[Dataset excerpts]
▬▬▬
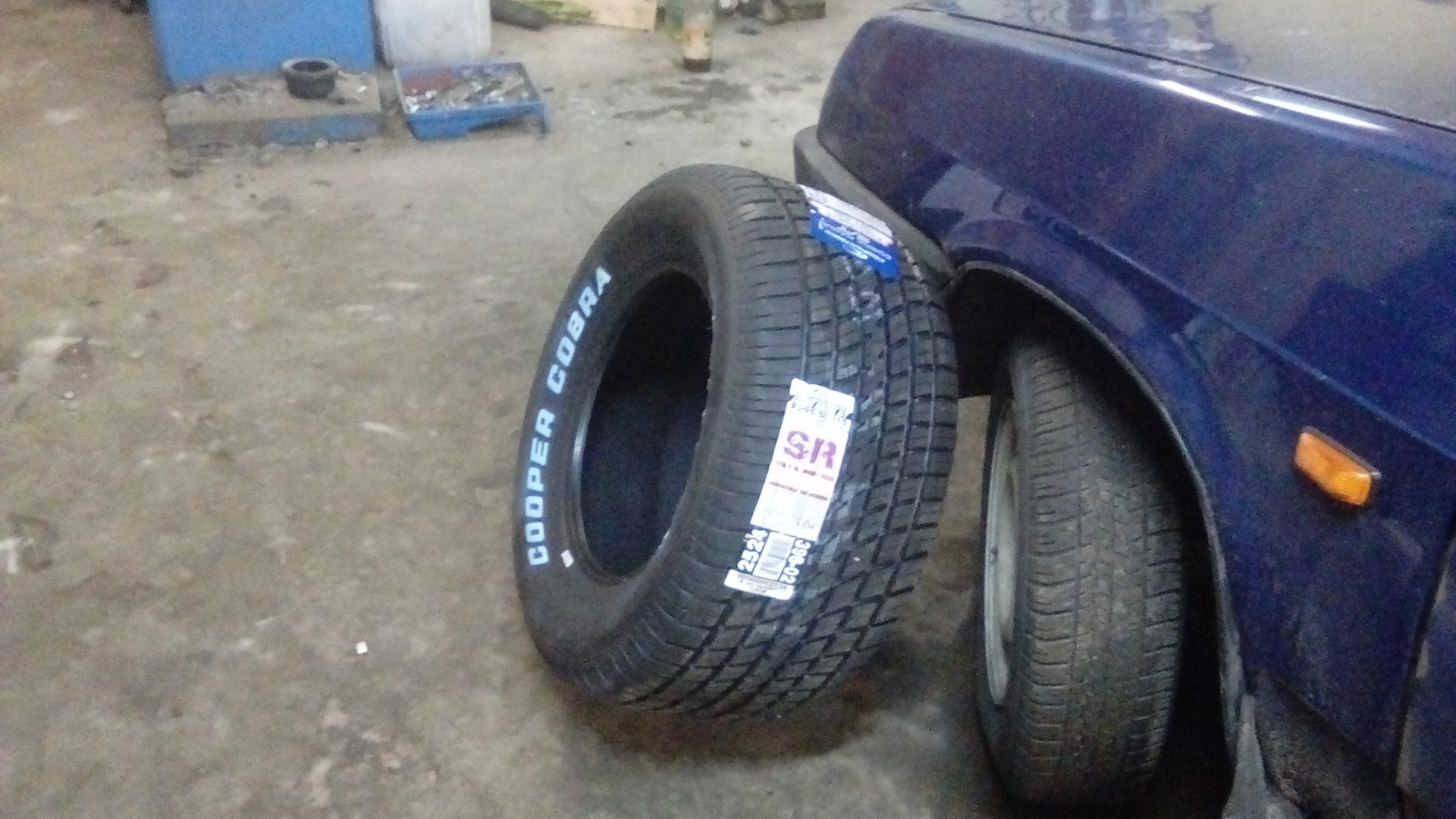 Высокие шины. 295/50 R15. Резина 175 50 r15 на восьмёрке. 295 Резина на Волгу.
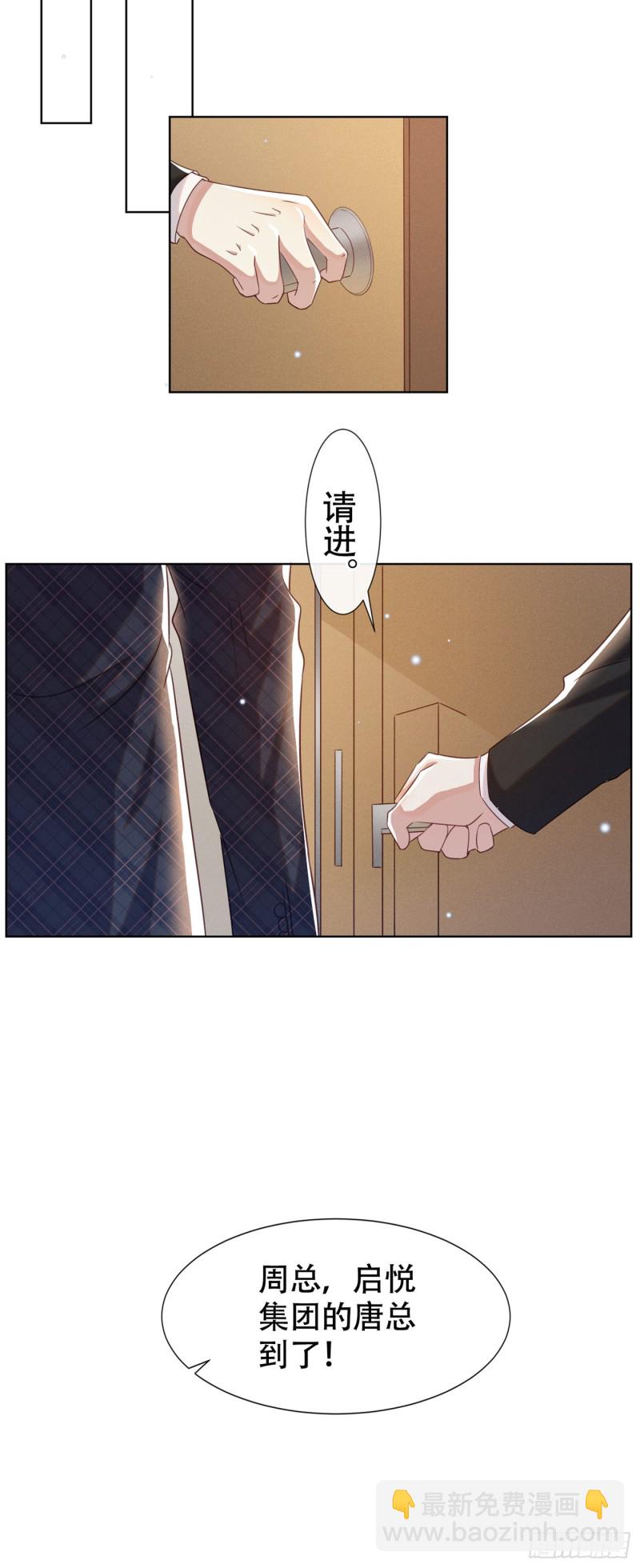 第33话 竟然是你！？-第37话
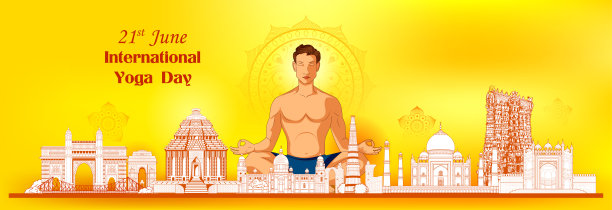 国际瑜伽日图片下载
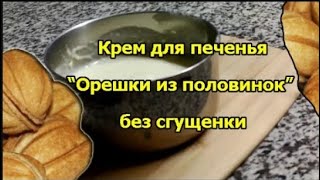 Крем для орешков из половинок без сгущенки\Сustard "Oreshki"without condensed milk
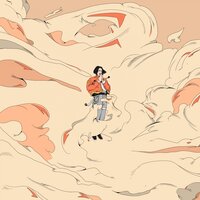 Разлетаюсь - Дора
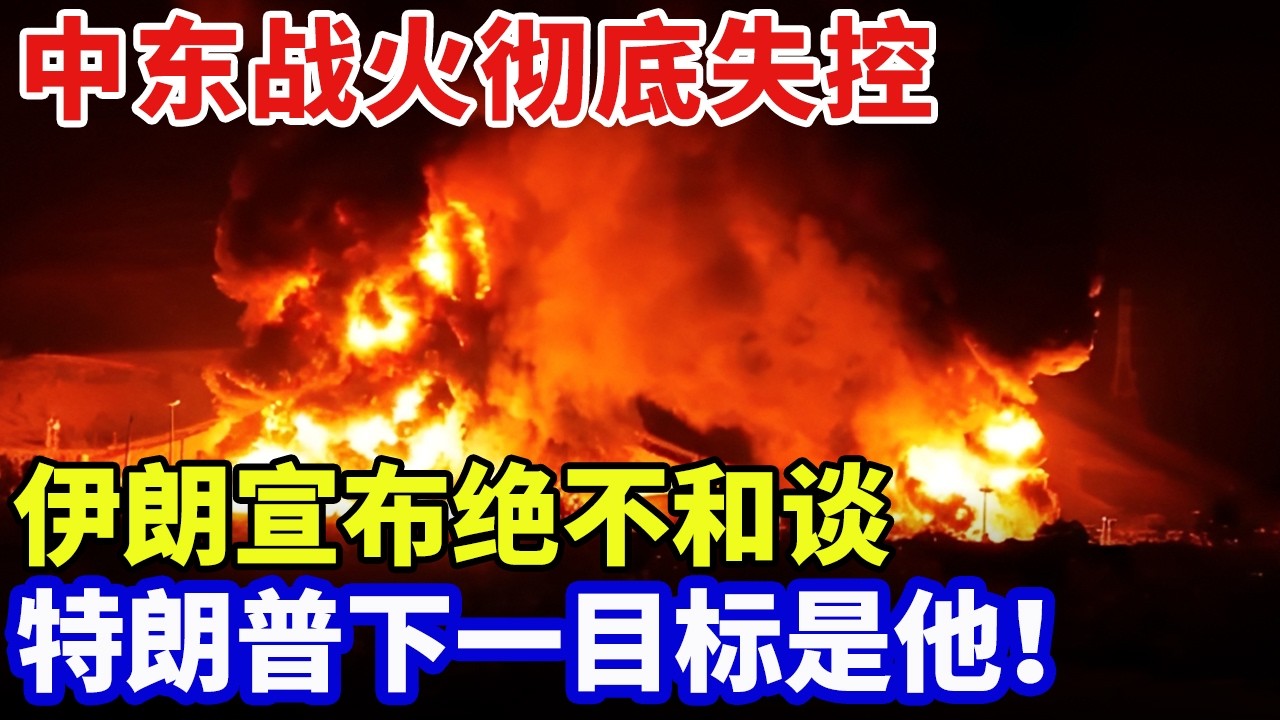 2026最新｜中东战火彻底失控，美国核航母全面瘫痪，伊朗宣布绝不和谈，专家：特朗普下一目标是他！【军事零距离】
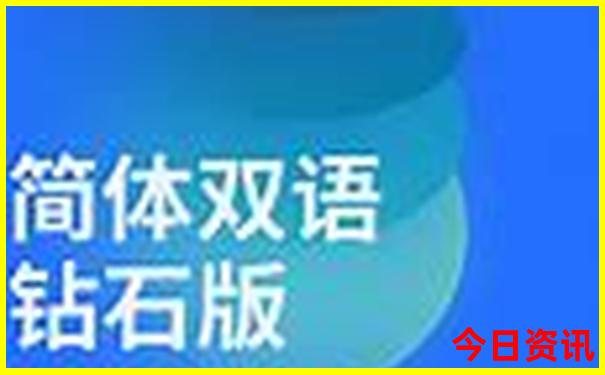 江浙沪夏季避暑去哪玩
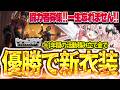 【#ドゥームズデイ 】視聴者参加型!新衣装が・・?ガチでやりたいので協力者求む!!!【#PR 】【#Vtuber 】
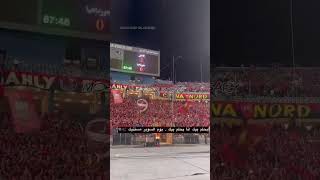 بحلم بيك انا بحلم بيك  يوم السوبر مستنيك 🦅🗣️ جمهور الاهلي 🥵✌🏻🦅الاهلي مصر اكسبلور جمهورالتالتة [upl. by Nettle]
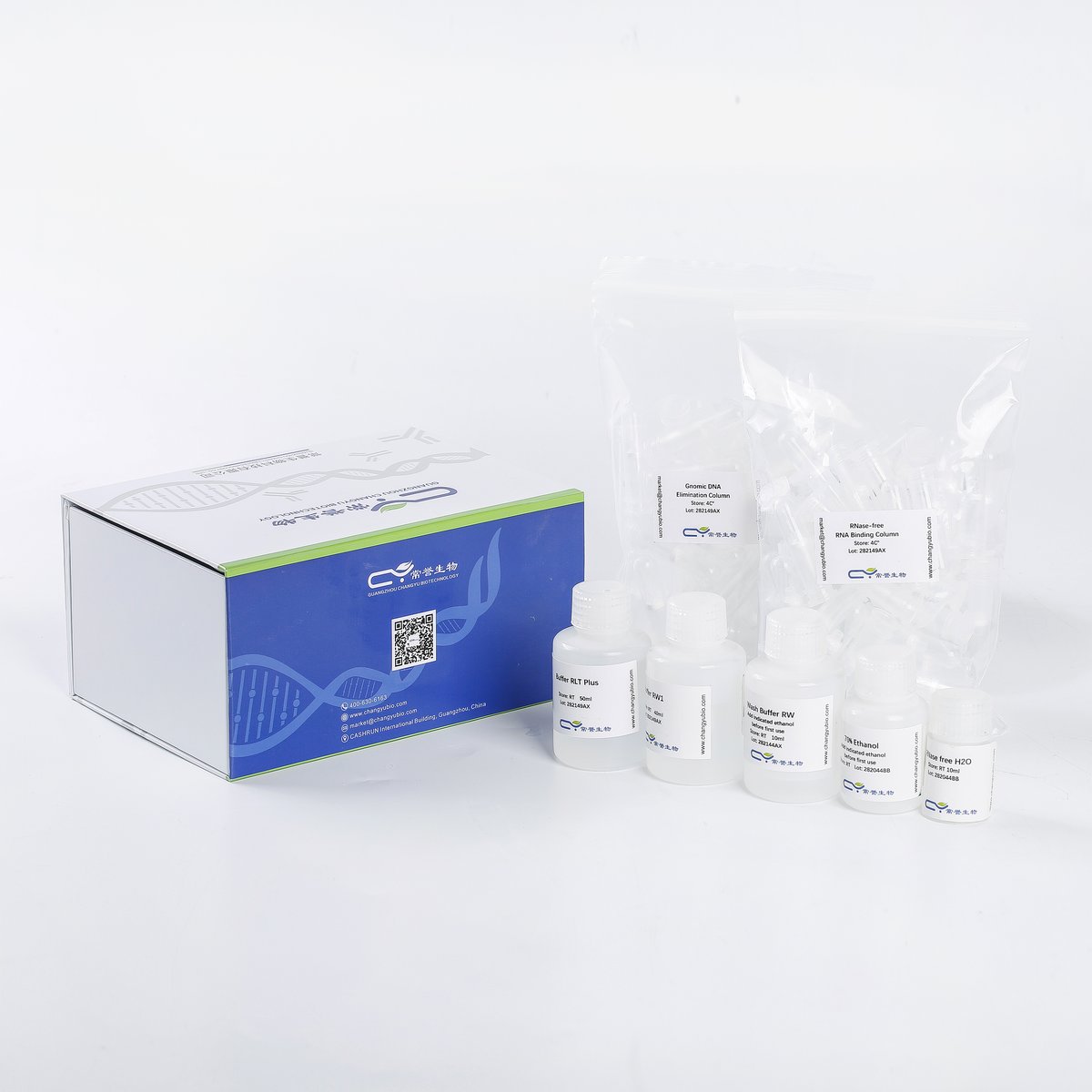 PCR Purification Kit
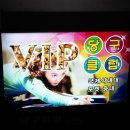 VIP당구클럽 이미지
▬▬▬
Repeat every record above exactly. Omit the pictures.

__Task solution__
 Высокие шины. 295/50 R15. Резина 175 50 r15 на восьмёрке. 295 Резина на Волгу.
 第33话 竟然是你！？-第37话
 国际瑜伽日图片下载
 Крем для орешков из половинок без сгущенки\Сustard "Oreshki"without condensed milk
 Разлетаюсь - Дора
 2026最新｜中东战火彻底失控，美国核航母全面瘫痪，伊朗宣布绝不和谈，专家：特朗普下一目标是他！【军事零距离】
 江浙沪夏季避暑去哪玩
 【#ドゥームズデイ 】視聴者参加型!新衣装が・・?ガチでやりたいので協力者求む!!!【#PR 】【#Vtuber 】
 بحلم بيك انا بحلم بيك  يوم السوبر مستنيك 🦅🗣️ جمهور الاهلي 🥵✌🏻🦅الاهلي مصر اكسبلور جمهورالتالتة [upl. by Nettle]
 PCR Purification Kit
 VIP당구클럽 이미지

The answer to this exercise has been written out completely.